This past week, Nepal unnecessarily figured in the Joint Statement issued after a summit meeting between India and the European Union in Brussels. While the government of Nepal has already taken exception to No.17 of the agreement, which calls for a constitutional settlement in Nepal within a fixed period of time, the Indian government has remained mum on the issue.

This is not the first time that India has raised Nepal’s internal matters in an international forum; in fact this has been the case with that of other countries in the neighbourhood also. India has been raising internal issues of the Maldives, Sri Lanka, Bangladesh and Pakistan while Modi travels the world to rally support for India. But there’s own neighbour India does not dare open its mouth about. It’s China.

India’s recent change in the neighbourhood strategy demands a closer look at why it is doing so, and what India’s neighbours need to tell India about it.

From Britain to Belgium

Few months ago when Mod visited Britain, British Prime Minster David Cameron and the Indian premier issued a joint statement calling for a constitutional settlement in Nepal. The document lends support to critics of the Crown, who say that despite having centuries-old friendship with Nepal, the UK looks at Kathmandu, and the rest of the country, only through the eyes of New Delhi.

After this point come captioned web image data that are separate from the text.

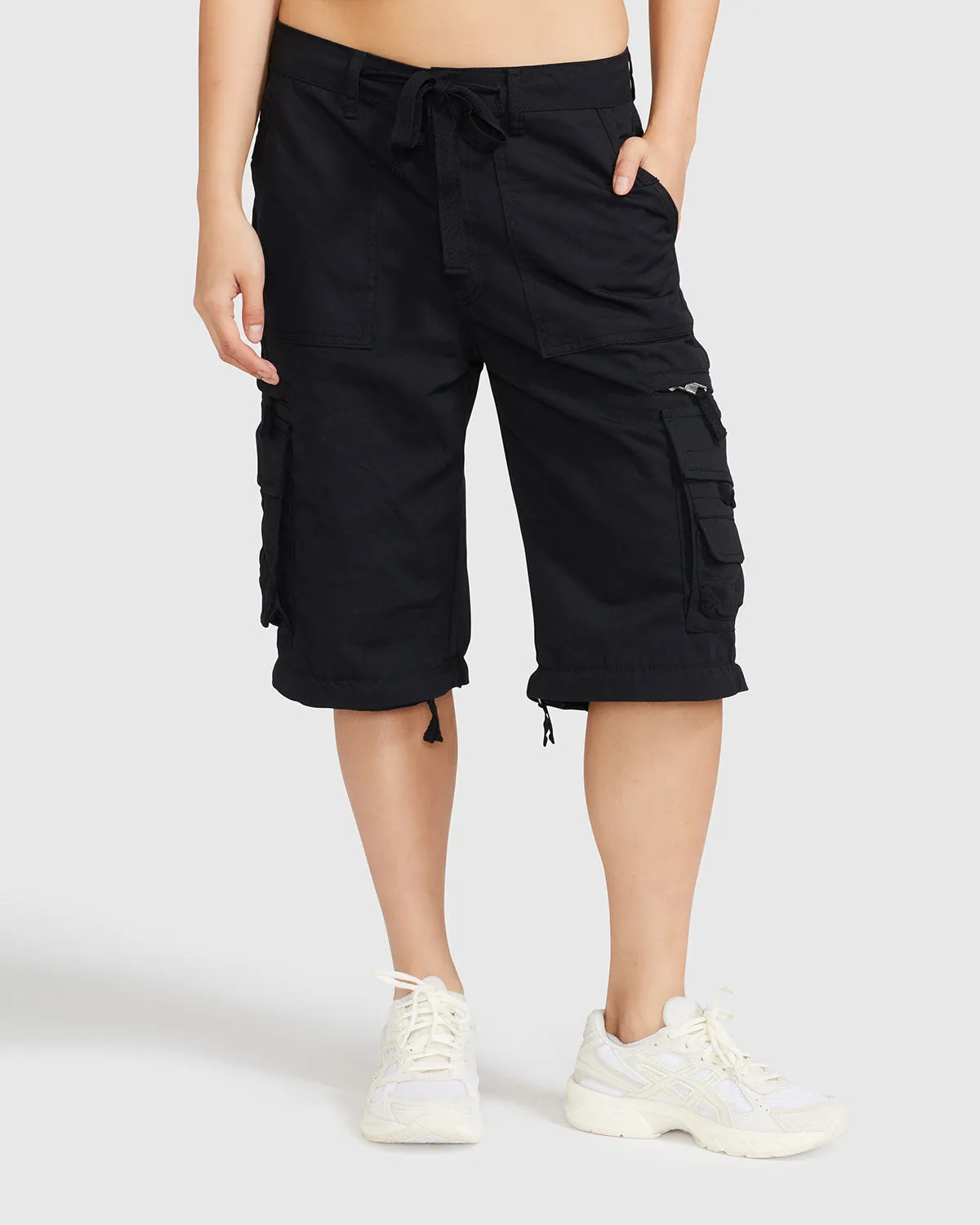 Transformer Boyfriend Pant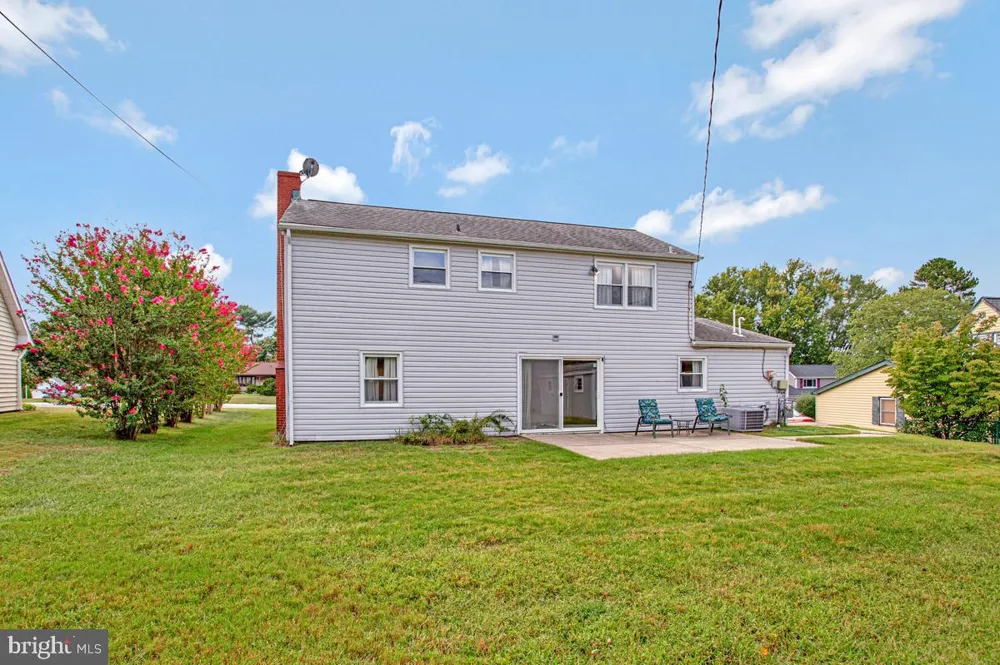 12618 MILLSTREAM DRIVE Bowie, MD 20715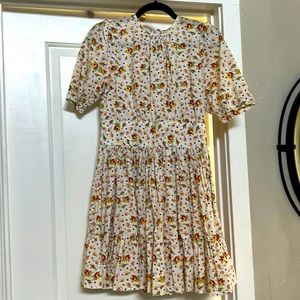 TiMo Cotton Summer dress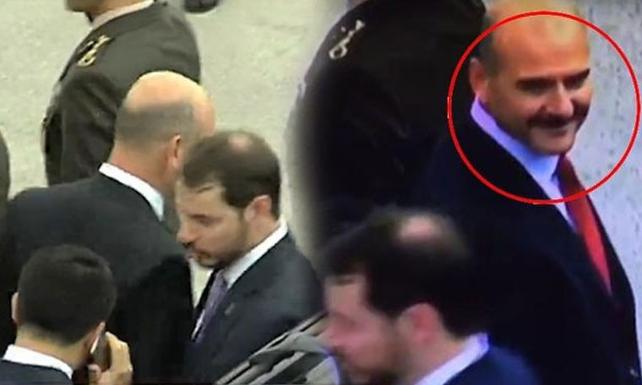 Sabah'tan Süleyman Soylu operasyonu! Gidişi kesinleşiyor!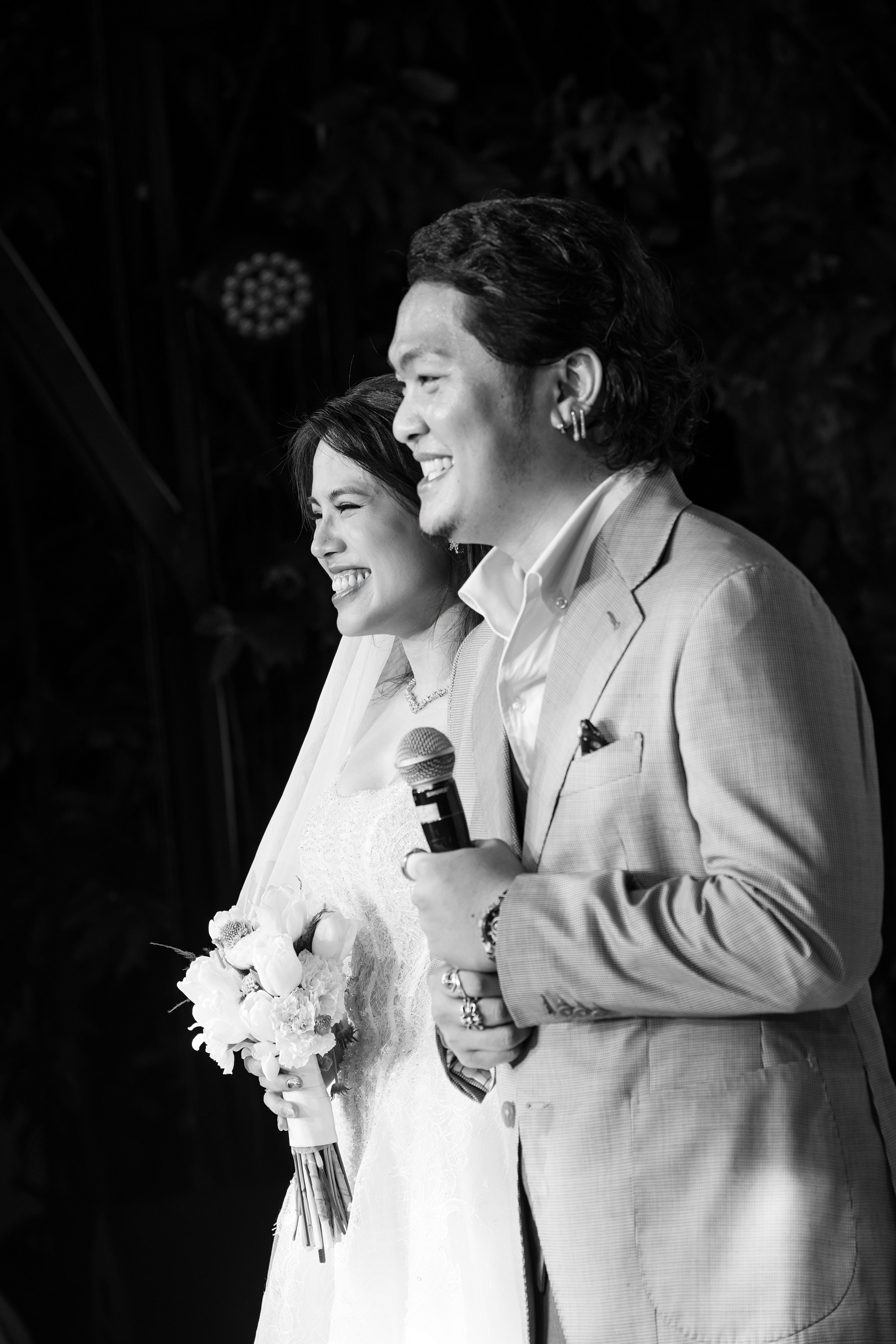 KHANG & TRANG / Long Khanh 08.11.2025. Saigon Wedding Present | Art Beyond Moments
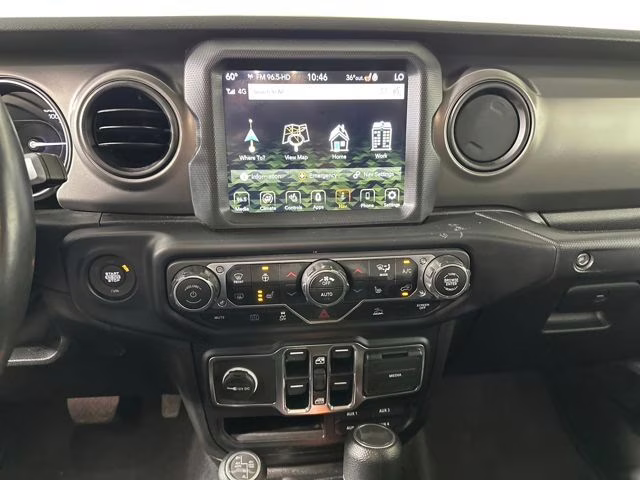 2023 Sting-Gray Clearcoat Jeep Wrangler Base 4xe 4X4 SUV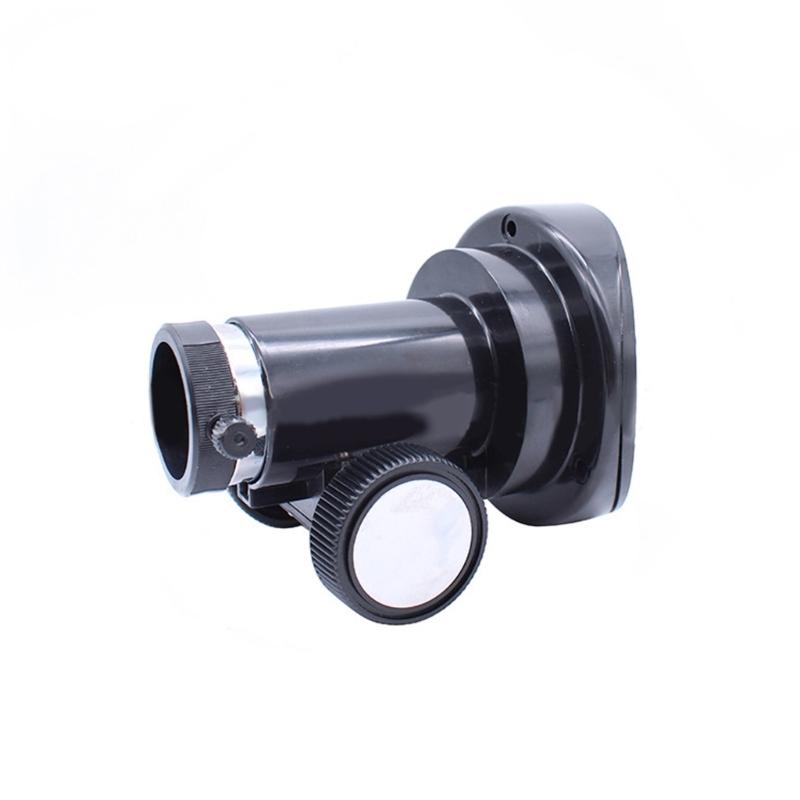 Сделай сам 160мм рефлекторный телескоп фокусер телескопическая АБС база фокусера простая в эксплуатации для 76 135мм апертур телескоп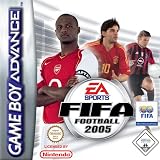 FIFA Football 2005
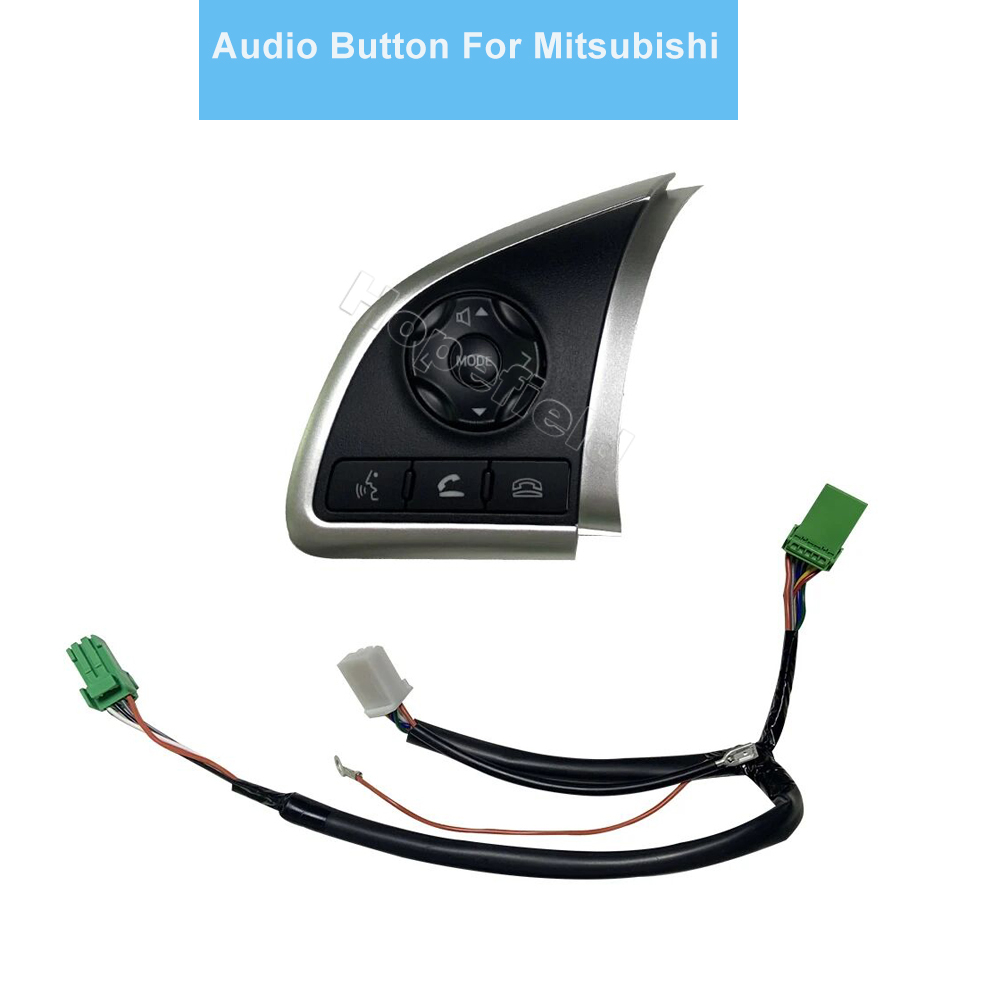 Steering Wheel Button Audio Vo - Audio Music Volume recensie en prijs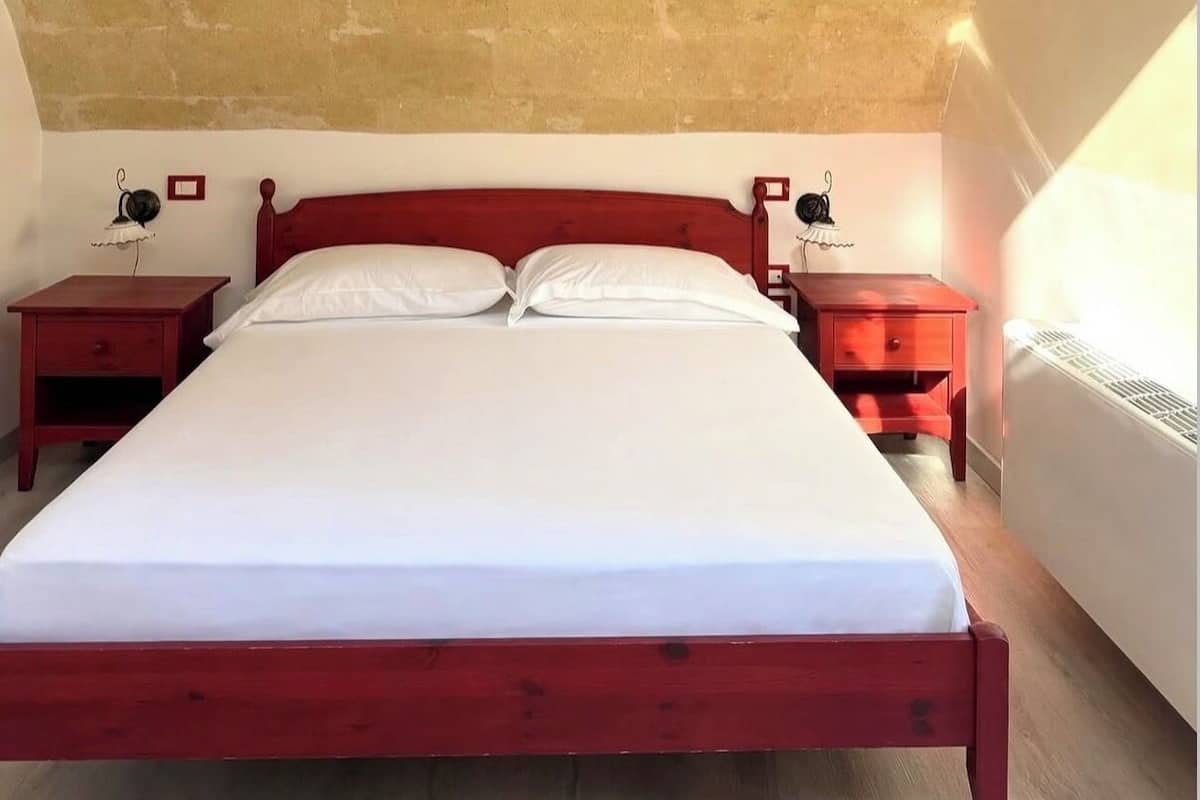 Superior kamer (N° 52) | Een minibar, geluiddichte muren, gratis wifi, beddengoed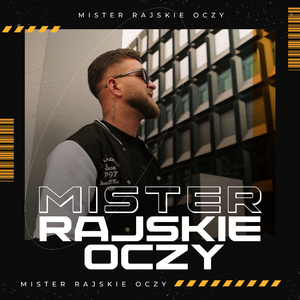 Rajskie Oczy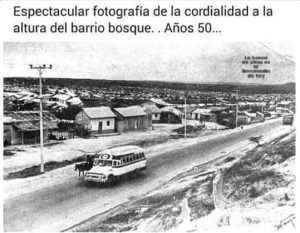 Crónica histórica · Génesis del barrio El Bosque · Barranquilla, Atlántico 3 476833962 8281870881915562 4586669487480163033 n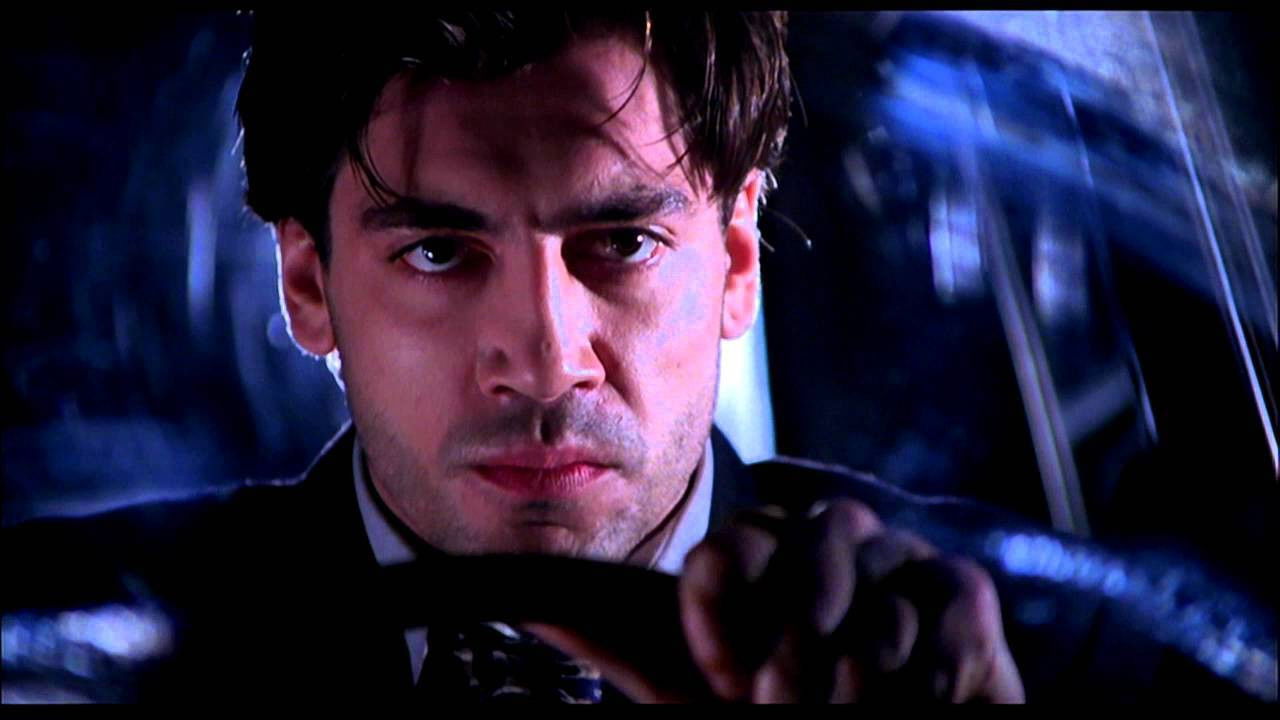 Детектив и смерть (фильм, 1994)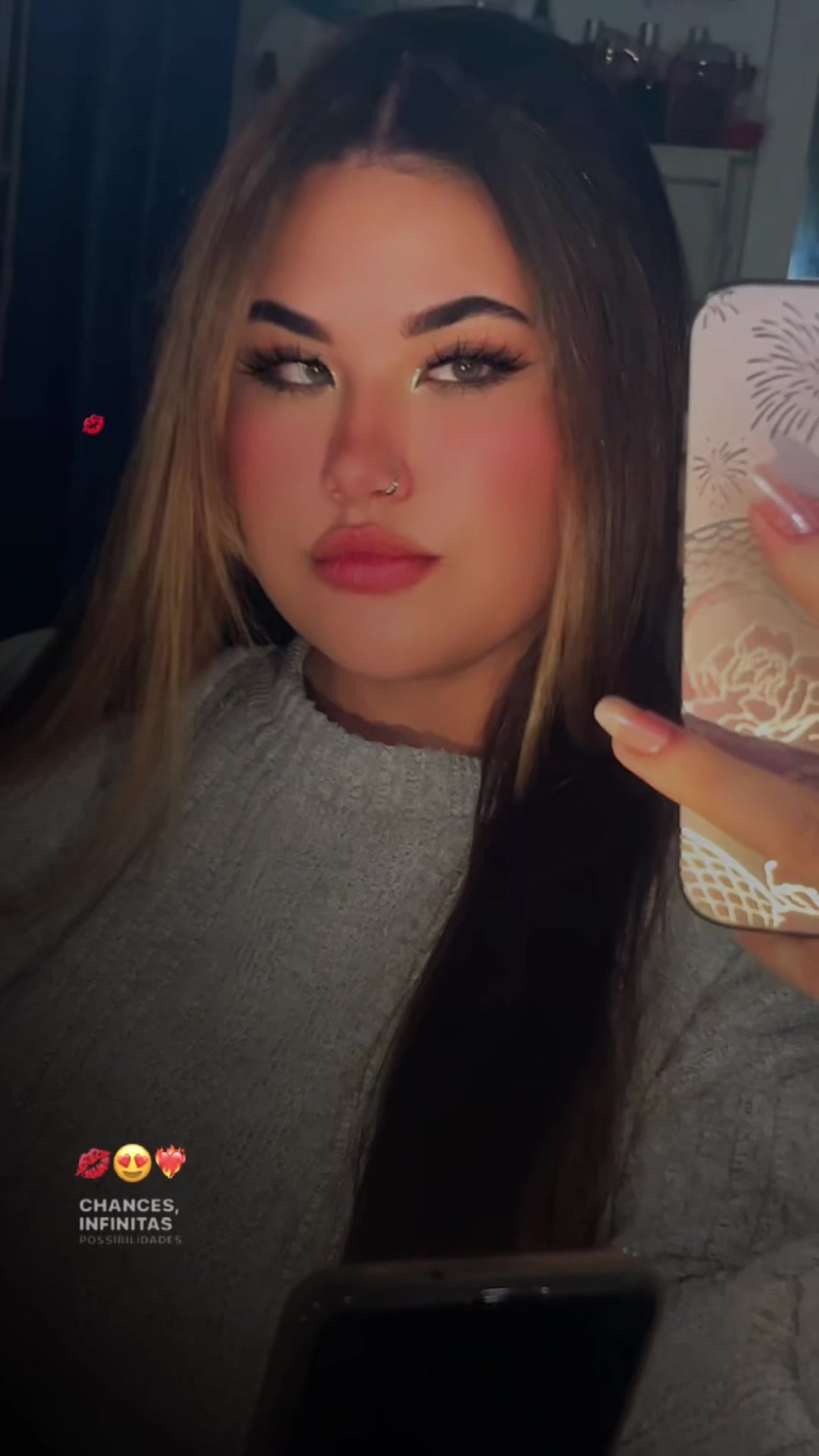 @Lorena flames🔥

The Joint Statement did not get a befitting reply from Nepal’s government that time. But this time, the government’s reaction was sharp. The Prime Minster himself warned India and the EU to not to interfere in Nepal’s affairs.

There are indications that the government is preparing to summon the Indian and the EU envoys to seek clarification on the issue.

Questions to India

This author would like to ask New Delhi why it could only talk about Nepal, and not about China?

It goes without saying that Britain has sub-contracted the Sub Continent to India, and its ties with the smaller countries in the region are being dictated by New Delhi.

New Delhi is not ready to recognise the sovereignty of Nepal, let alone look at it as a worthy partner.

What India does not want in Nepal?

Nepalis now understand that India does not want a prosperous Nepal. India feels threatened when there’s unity among the Nepali people.

The Brussels statement shows that the EU is also complicit with India, and it considers Nepal as a vassal state under India. This is disrespectful to Nepal sovereignty.

This author holds the opinion that no country has the right to talk about Nepal in a forum where Nepal is not represented.  If this happens, it should be taken as undue interference.

The statement proves those people right who say that India is going around the world spreading propaganda about Nepal’s constitution, trying to get a pat on its back for its reaction to the promulgation of the constitution in Nepal.

What India really wants in Nepal

Look at the Terai road project. How many years have passed since India took up the project? Look at Panchewsor, look at BP Koirala Highway. If that is not enough look at India’s reaction to a recent agreement between Nepal and China on railway connectivity.

We should understand that India considers Nepal as its trophy, and it does not want Nepal to develop. It also does not want other countries to enter Nepal without its permission.

What we need to do

It is time that we (Nepal and the rest of the region) teach New Delhi lessons in diplomacy.

Indian politicians and diplomats with a narrow agenda should not think that Nepal is anti-India. Nepal wants friendship with India, and it is with India that we have a special relationship with, than any other country, including China.

The irony is that the Chinese understand this more than the Indians do!

And for the Europeans, they should understand their human rights agenda is more needed in India than in Nepal.

Nepal can address its issues on its own.